MAN RAY? I’LL WAIT UNTIL THEY MAKE A WOMAN RAY…: I’m watching a Netflixable thing called “Avant-Garde: Experimental Cinema of the 1920s and ’30s: Disc 1.” It’s three hours long and you couldn’t pay me to watch that much indie-film at once, so I’m taking it in bits and pieces. Here are some thoughts on the first six movies–all but two highly recommended. I make no attempt to provide accent marks, because “that’s the way Dad did it, that’s the way America does it, and it’s worked out pretty well so far!”
And also, I’m lazy.
Man Ray, “Le Retour a la raison”: This is a great teaser for the rest of the disc. It’s maybe two or three minutes long?–yet you’ll find yourself catching “future echoes” of everything from Sesame Street to Hitchcock. (Seriously, I’d need two hands to count the times this disc has reminded me of children’s television–from Pinwheel‘s opening sequence to 3-2-1-Contact‘s, from ZOOM‘s cheapness-equals-existentialism to Looney Toons‘ expressionism.)
The music, so far on every movie, has been amazing. It’s new–created for this release, I think?–and so it creates a completely new viewing experience from the one contemporary audiences would have had. But then, my experience would never be what a contemporary audience might’ve had; and this new experience is so fantabulous that I can’t wish it were different. I’d play this every day just for the music. Imagine… maybe the Raincoats, muddled with Herrmann, dragged a few feet leftward to Messaien, about a quarter-mile east toward Mozart, and a mile south toward Bizet??
Man Ray, “Emak-Bakia”: Suspense music plus adventure-movie visuals! Pilotesses in earflaps! Sheep and pigs! The ghosts of women’s legs stride out of a jeep again and again, memory, until they resolve into the Charleston. A lady has eyes painted on her eyelids. Daggone that’s uncanny.
White buildings and film-white skies.
Man Ray, “L’etoile de mer”: Surrealist sex! The clash of symbols (Cybele, Impressionism); perversity (she strips to her skivvies, then tells him to leave!); mad science; the permeable boundary between nature and culture. Oozy beauty.
I loved this like cake.
Man Ray, “Les Mysteres du chateau du De”: …The music is bouncy and hilarious, and for a long time this feels like a Beckettish, Goreyish comedy of meaninglessness. But then it settles down to portentous talk of MENE TEKEL UPHARSIN and Venus Astarte, and I can’t do it anymore. Fans of The Prisoner might like it more than I did. Also, I wonder how much the opening of The Exorcist owes to this piece–if anything.
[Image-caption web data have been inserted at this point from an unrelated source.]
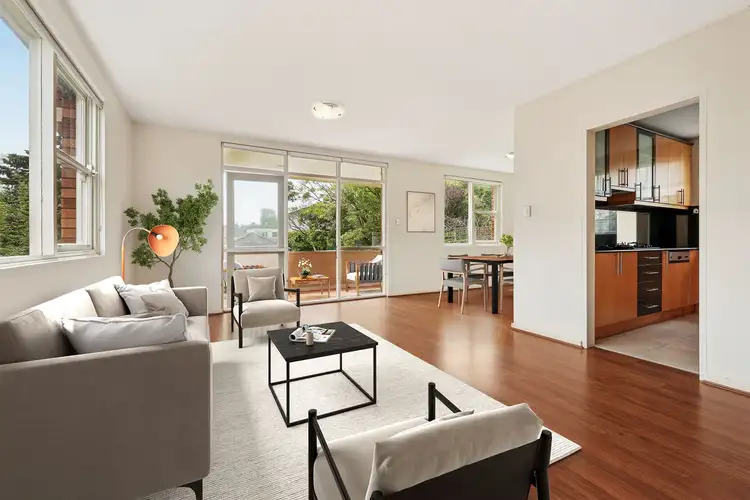 Second view of Homely apartment listing, 4/34 Liverpool Street, Rose Bay NSW 2029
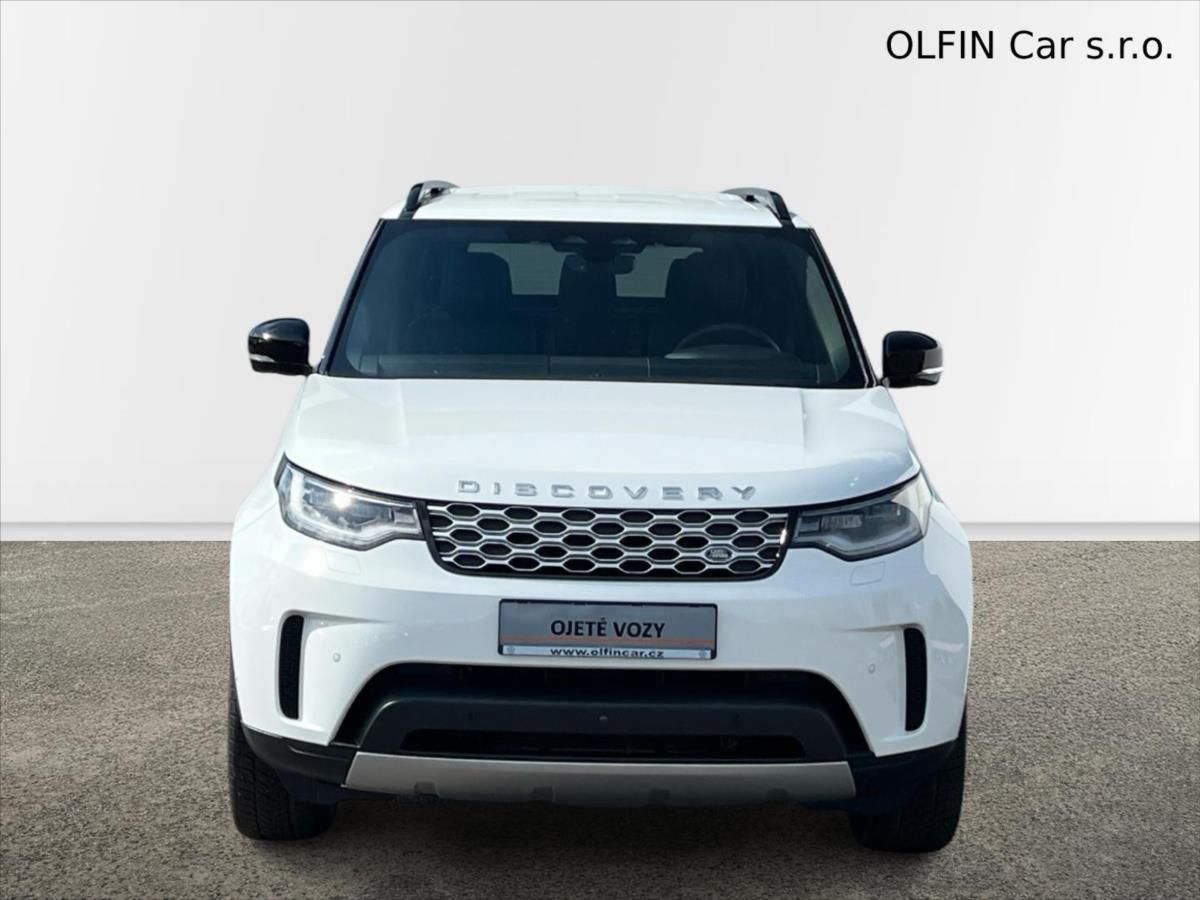 Land Rover Discovery, 3,0 S 183kW AWD D250 7míst - fotka 4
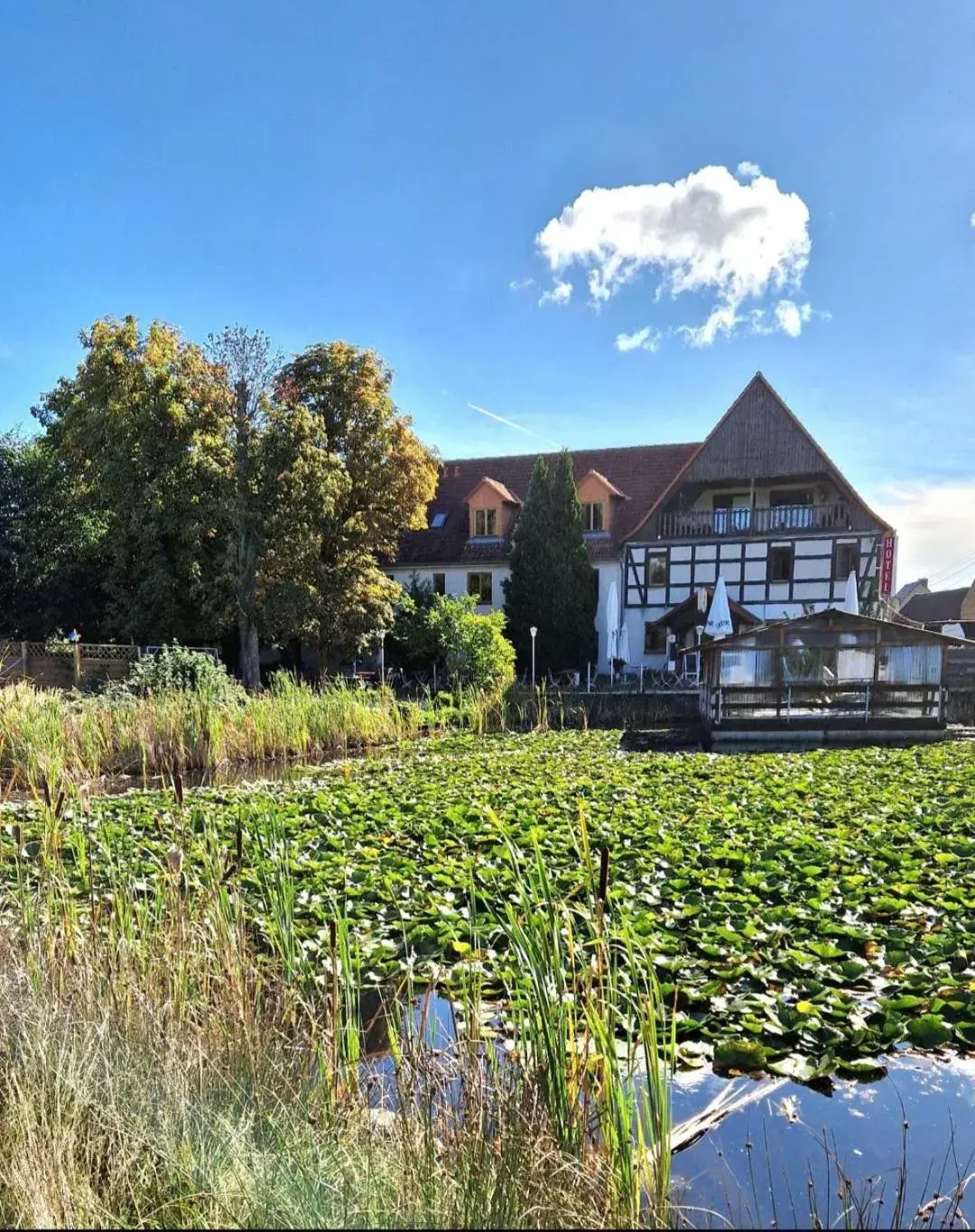 Hotel Gröbern am See Hotel Gröbern am See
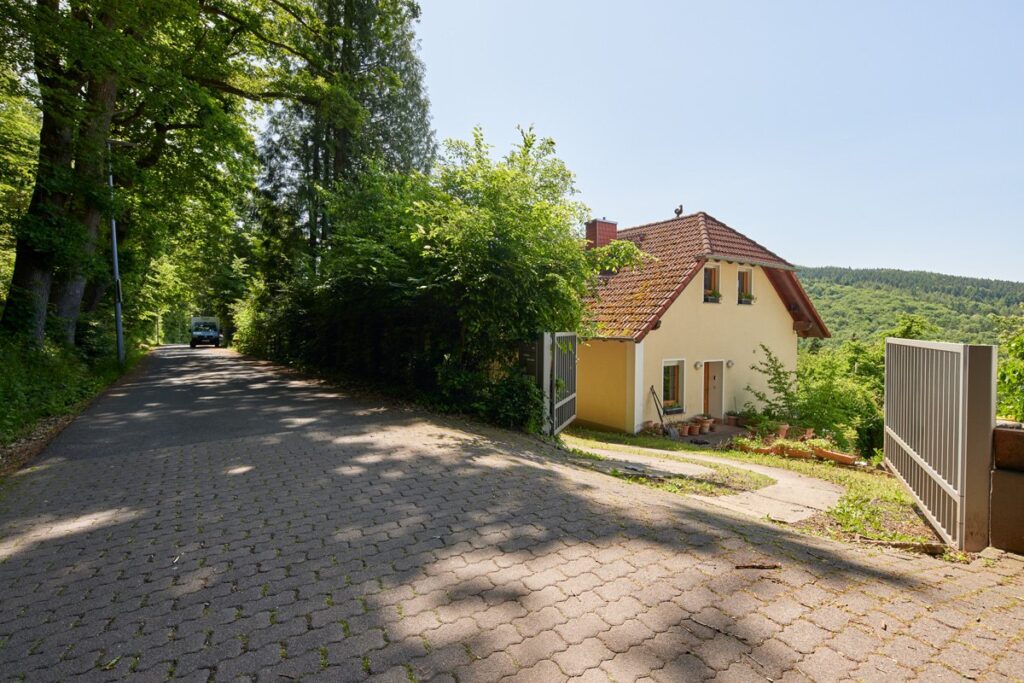 Haus in Gründau-Breitenborn in ruhiger Wohnlage im Main-Kinzig-Kreis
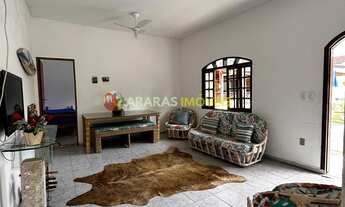 Imagem 4: SOBRADO COM 8 DORMITÓRIOS À VENDA, 546 M² POR R$ 1.500.000 - INDAIÁ - BERTIOGA/SP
Robert Florey Y U NOT MAN RAY?, “The Life and Death of 9413”: Bog-standard Hollywood disillusionment, barely redeemed by some lovely acting. MEH. If you’re enough of a film buff to watch this disc, you’re enough of a film buff to have seen this movie five times already, only better.
Someone I forget, “Menilmontant”: WOW, shivery horror piece. Fans of Heavenly Creatures, Doctor Faustus, and especially Picnic at Hanging Rock shouldn’t miss this. I felt like it lost steam relatively quickly, but there are some frightening moments here even in silent film, and I’d absolutely watch a remake of this. I’m not sure if it was genuinely a bit conventional for an “experimental” disc, or if it merely highlighted how many avant-garde techniques carried over into genre filmmaking. Highly recommended either way.